I listened with fascination and sympathy and admiration -- and terror. I wasn't sure I was prepared to immerse myself in the heartrending details that would force me to face my worst fears about being a mother. I was still hesitating when Edith's story took an unexpected turn.
The IHB mothers had become friends because of their children, but they were bound together when one of them was killed, along with her three children. The woman was Mary Rowe. The weapon was a baseball bat. The killer was her husband, and he had always been an exemplary father, a lawyer, a man the women knew and admired. Robert Rowe was declared not guilty by reason of insanity in 1978, spent two and a half years in mental hospitals before being released, and then tried to resume normal life.
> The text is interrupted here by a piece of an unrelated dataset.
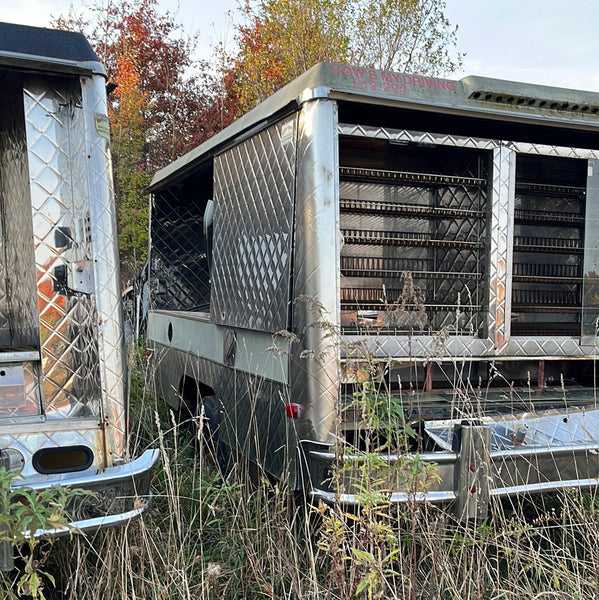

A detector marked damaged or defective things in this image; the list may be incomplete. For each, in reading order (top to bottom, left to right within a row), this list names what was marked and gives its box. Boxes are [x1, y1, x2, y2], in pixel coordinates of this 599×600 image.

It was a monstrous story, but Edith Patt assured me that this was not a monstrous man. I was drawn in. I spent the next four years learning as much as I could about these families, whose lives were yoked by contingency and fate. I interviewed the mothers and their husbands, children, doctors, and social workers. I studied Robert Rowe's court records and psychiatric files. I found out that the case had become a legal curiosity, provoking yet another debate about the limits and usefulness of the insanity defense. But I also discovered that for those who were involved, before and after the killings, this was a tragedy, not an intellectual exercise. From it arose a wellspring of questions about responsibility and guilt, retribution and forgiveness: We do what we can to hold chaos at bay, but what if we can't? Why can some people assume responsibilities in trying circumstances; why are others crushed by them?
The narrative that emerged was not "uplifting" in a conventional sense, though it included moving chronicles of survival and renewal. Nor was it condemnatory, though it contained an act of horrible violence. But in the stories of these mothers, fathers, and children I encountered uncommon strains of human resilience and was gratified, even as I prayed never to be tested -- not like that.